Global food security is rising high up the G20 agenda. The urgency and complexity of the problems are immense. When G20 leaders meet at the Bali Summit this November, they should be mindful of three major challenges of jointly securing food supplies and mitigating climate change, and consider three potential areas of agreement.

First, climate change increasingly exasperates global food systems, and vice versa. The just-released Southeast Asia Climate Outlook 2022, based on a regionwide survey, finds that people — especially rural residents — are anxious about the impact of extreme weather events on their food supply chains. Worsening climate change adds pressure to food production, which already needs to increase (calorie-wise) by 70 per cent by 2050 due to population growth and dietary change. Globally, increased temperature and rainfall affect the output of major crops by as much as 25 per cent.

Agriculture is not just the sector most vulnerable to climate change, it is also a major cause of greenhouse gas (GHG) emissions. The world’s food systems contribute around 25-30 per cent of global GHG emissions, from land use to post-retail activities or by-products, such as cooking and waste. Indeed, GHG emissions of the agriculture sector are equivalent to that of all electricity generation globally.

Second, even if we produce enough food like we do today, climate change is making inequality in the global food supply more skewed. Since 2014, hunger has been on the rise in pockets of Africa, Asia, Latin America and the Caribbean, after a long-term decline. In 2019, among people who are acutely food insecure due to extreme weather, close to three-quarters were displaced. Moreover, according to the UN’s humanitarian office, people in low-income countries are at least four times more likely to be displaced because of acute food insecurity caused by extreme weather, compared to people living in high-income countries. 

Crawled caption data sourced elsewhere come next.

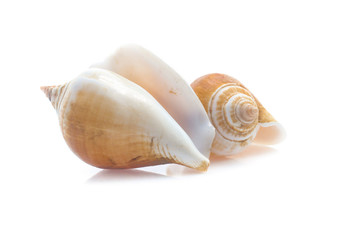 Seashell isolated on white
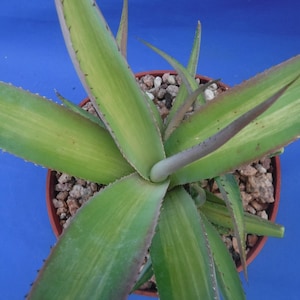 Agave guiengola "Jailhouse Rock" Medio-Picta STRIATED VARIEGATION! 9" Wide 6" Pot Size Plus SEVEN Pups!  Y7EE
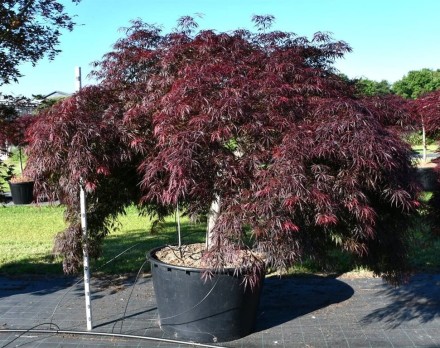Acer pal. 'Inaba-shidare'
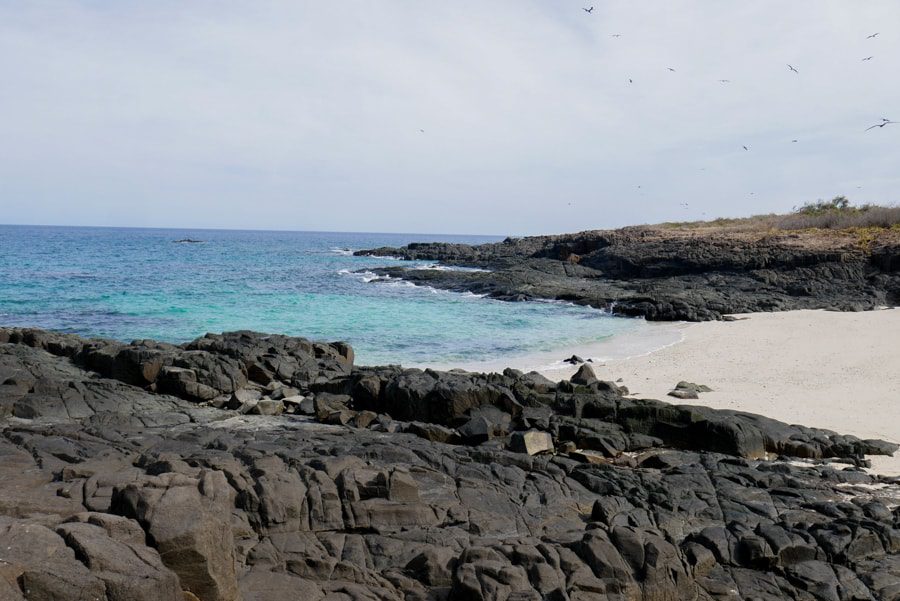 isla iguana beach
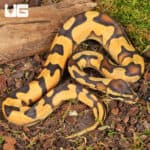 Baby Orange Dream Enchi Ball Python For Sale - Underground Reptiles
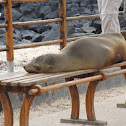 Galapagos Sea Lion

Third, climate change, which adversely affects small-scale farmers’ productivity and income, impedes progress towards poverty reduction and better jobs. Productivity improvement boosts farmers’ income, allowing them to afford better education for their children which equips them for higher-paying, off-farm, modern jobs in the urban areas. Such gains can also, in a virtuous cycle, help to further augment farm productivity, for example, by using better technologies that generate more output with the same amount of labour and land.

The transformation from on-farm work to off-farm or urban jobs driven by agricultural productivity increments “has been the only sustainable pathway out of poverty,” argues Peter Timmer, an authority on agricultural development, food security, and the world rice economy at Harvard University. However, climate change poses a threat to rural small-scale producers’ productivity and income that, in turn, could trap poor farmers in a vicious cycle and leave countries mired in poverty. 

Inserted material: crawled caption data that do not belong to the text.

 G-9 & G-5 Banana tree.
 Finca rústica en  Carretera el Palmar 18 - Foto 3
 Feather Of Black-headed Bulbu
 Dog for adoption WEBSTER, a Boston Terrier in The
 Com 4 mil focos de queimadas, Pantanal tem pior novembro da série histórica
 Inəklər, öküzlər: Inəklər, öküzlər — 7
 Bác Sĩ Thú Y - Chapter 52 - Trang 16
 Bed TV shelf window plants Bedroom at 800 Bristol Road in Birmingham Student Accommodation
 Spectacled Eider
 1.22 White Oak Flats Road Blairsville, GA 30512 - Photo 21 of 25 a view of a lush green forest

A global food reserve, reinforced by transparent sharing of credible data, could decisively change the perception and expectation of global food availability, and avert panic behaviour that leads to hoarding and stockpiling.

Various concrete agreements can be taken by the G20 leaders this year to address the long-term challenges of revamping the global food system into a more sustainable and resilient one. Three should be brought to the table.

First and foremost, the food security and climate change agenda should be integrated under one framework linked to the energy transition agenda. Indonesia’s G20 Presidency puts energy transition as one of its three priorities. The food security agenda could be linked to the climate change agenda as well as the G20 energy transition agenda, considering how food production is very energy intensive. The manufacturing of fertilizers consumes natural gas and electricity; non-renewable energy used in this sector is contributing to climate change. Hence, without energy transition we will continue to produce food unsustainably, which in turn compromises future food production. Policies and funding to address energy transition, climate change, and global food security must be synergistic.

Second, G20 leaders should consider addressing the increasingly unequal distribution of food by establishing global food reserves and a global food treaty. Establishing a global food reserve can restore confidence in the currently lopsided international food system and precarious international food trade. Today, close to three-quarters of the world’s food stocks are in five countries/region — the United States, the European Union, India, China, and Brazil — all of whom are G20 members. Akin to the ASEAN+3 Emergency Rice Reserve that can be tapped in case of emergency, these five countries could agree to release some of their stocks to relieve global supply when food prices rise perilously high.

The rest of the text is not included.